Yeah, that's a good question. As we have been indicating, the company wants to go back to the pipeline, to the ONP later this year. As you all know, the pipeline is operated and owned by PetroPeru, the state oil company. We've been having a number of conversations with them. A key criteria for us is if we go back into the pipeline to be paid at Pump Station 1 without assuming any type of derivatives. That for us will be key. We're hopeful, and PetroPeru's attitude is to be able to do a transaction that will allow us to go into the pipeline. Our target is to go in before the dry season starts.

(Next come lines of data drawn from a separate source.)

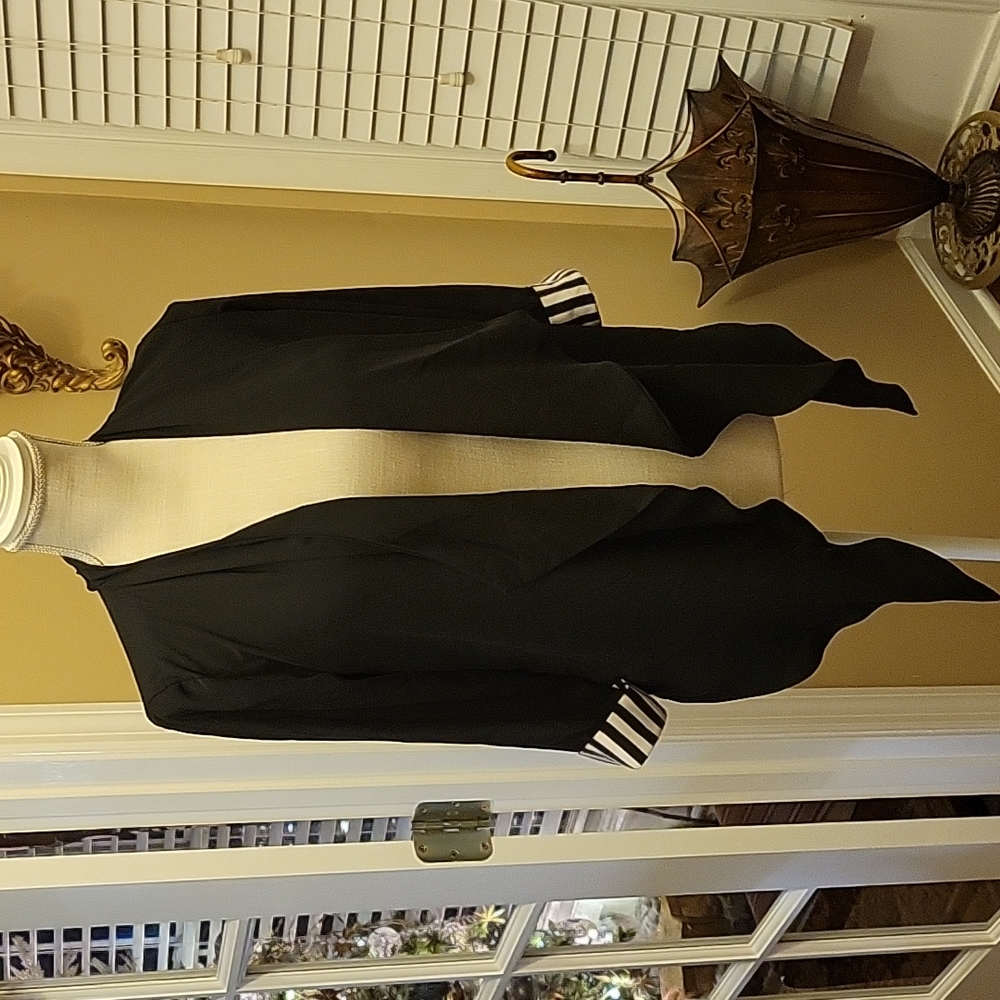 LOVE CULTURE black open front draped 3/4 sleeve black white stripe top Sm EUC…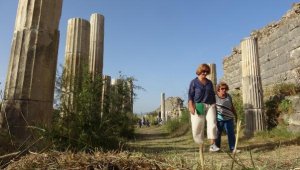 Magnesia Antik Kenti'ndeki caz konserini yoğun ilgi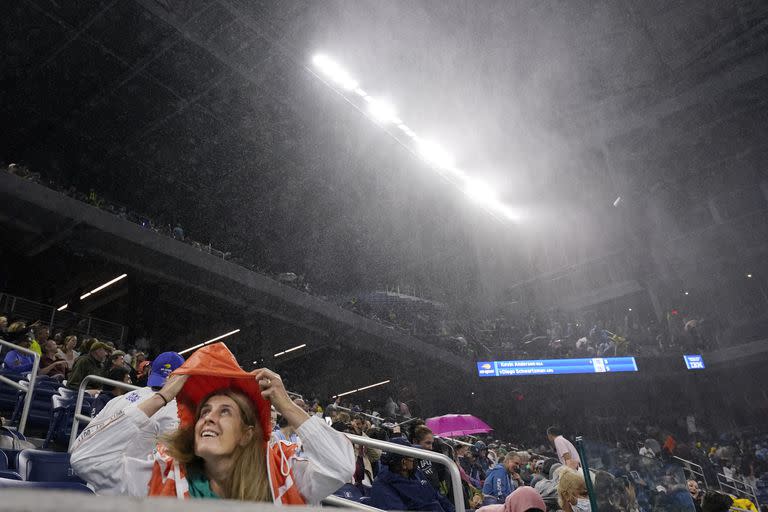 Llueve en el estadio techado: una jornada atípica en el US Open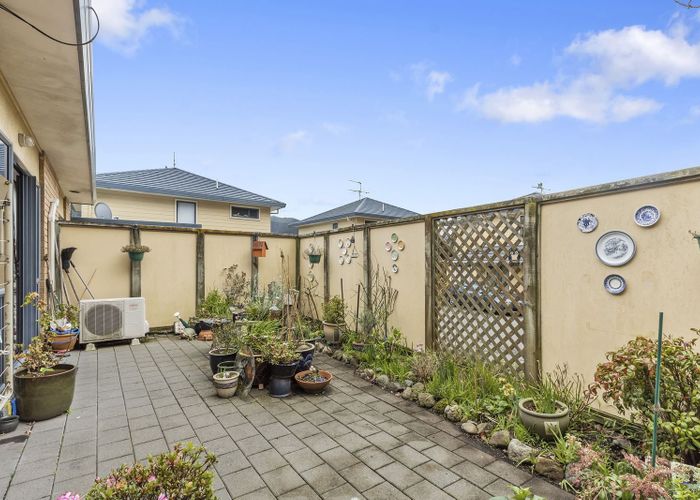  at 8/5 Court Road, Tawa, Wellington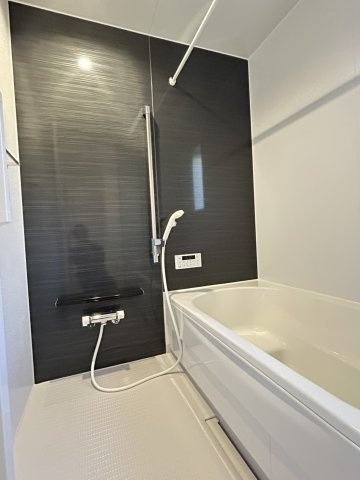 今治市北鳥生町３　1号棟の浴室|一日の疲れをゆったり癒せる清潔感のあるバスルーム。平屋ならではの短い動線で、脱衣所からリビングへもスムーズに移動できます。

The reason for that, and that sort of answers the second question, is that last year we had really dry conditions in the Amazon jungle, we lost about 300,000 bbls of production throughout the year, about 800 bbls per day on average. In 2023, we actually lost 360,000. You can get a sense how the team optimized operations that even under worst dry conditions in 2024, we were able to only lose 300,000 instead of 360,000, which is equivalent to 1,000 bbls per day. The answer to the question is that we should expect once we go to the pipeline during the dry season to be able to avoid losing those 800 bbls-1,000 bbls per day and maybe do better than that.

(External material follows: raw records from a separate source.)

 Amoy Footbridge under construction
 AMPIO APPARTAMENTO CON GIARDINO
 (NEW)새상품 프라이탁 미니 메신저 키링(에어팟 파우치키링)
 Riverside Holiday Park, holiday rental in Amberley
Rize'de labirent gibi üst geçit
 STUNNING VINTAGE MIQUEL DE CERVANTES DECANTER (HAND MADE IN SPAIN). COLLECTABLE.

Considering that the company is currently exporting from Bretaña, near the capacity of its barge fleet, would it make sense to use the Ecuadorian route too?

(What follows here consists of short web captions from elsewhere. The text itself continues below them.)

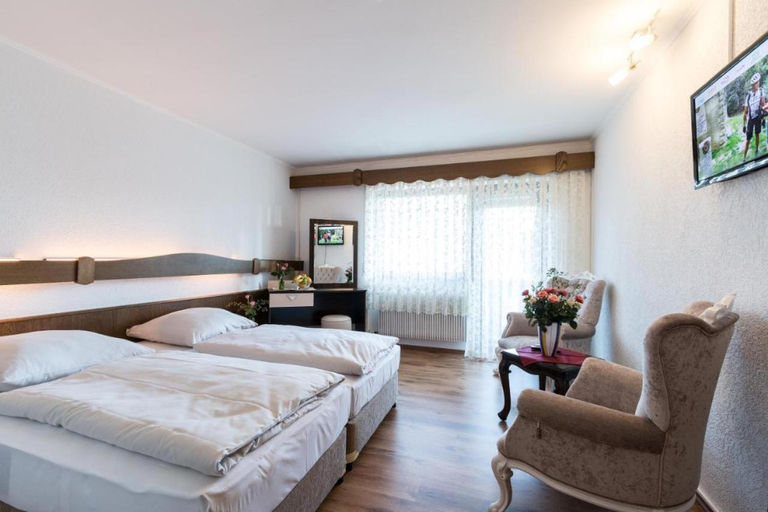 Bedroom 4, Landhotel zum kuhlengrund & soultans paradise, Odenwaldkreis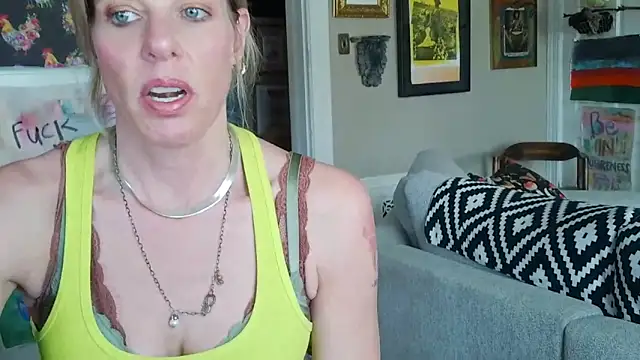 Glamazonx online show from March 24, 6:52 pm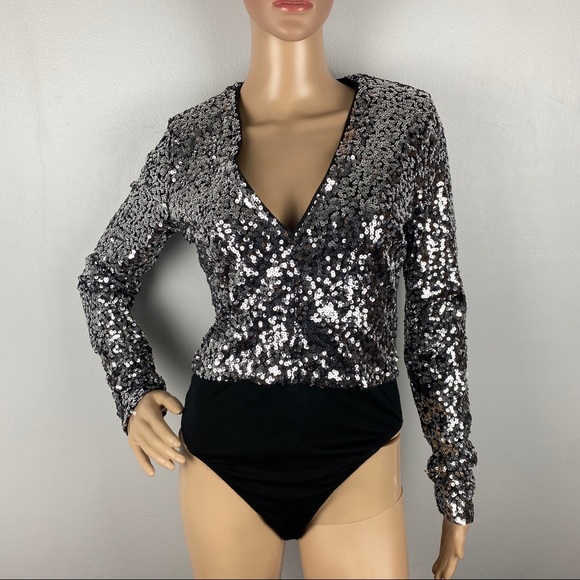 NEW BARDOT SILVER SEQUIN LONG SLEEVE BODYSUIT - Picture 2 of 11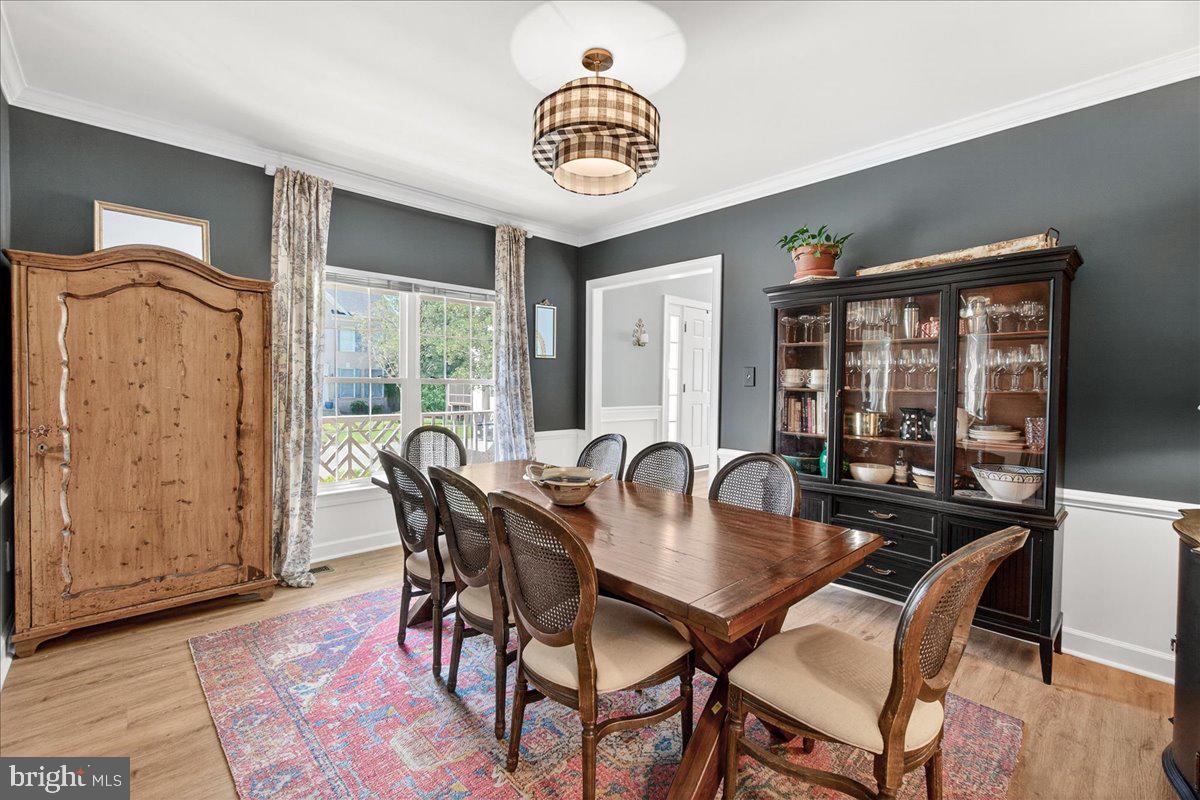 WINDSOR KNOLLS - Residential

You know, we are doing quite well with the Brazil route, and we recently, with my team, we visited Manaus and we saw the operations, and we're confident that our trading partner could do even better than the 20,000 bbls per day that they're doing nowadays. I am confident now with Brazil. Ecuador was a good option to look into. We did a pilot last year under the worst dry conditions, but right now it's something that we know we can do in the future if needed. For now, we need to concentrate in increasing the sales via Brazil and going back to the ONP.
If the fourth oil and water handling train was already completed, what would your production range be?
Yeah, by the way, I forgot to mention that I have here with us also José Contreras, our Chief Operating Officer, and I will let José answer that question. Go ahead, José.
That's a good question. Considering oil and water treatment injection constraints, we should be able to produce up to 25,000 bbls per day.
Thank you. What are the expectations for the two new wells that are going to be drilled in Block 131? How can you achieve a production level of 4,000 bbls a day or more in that block from the current 600 bbls?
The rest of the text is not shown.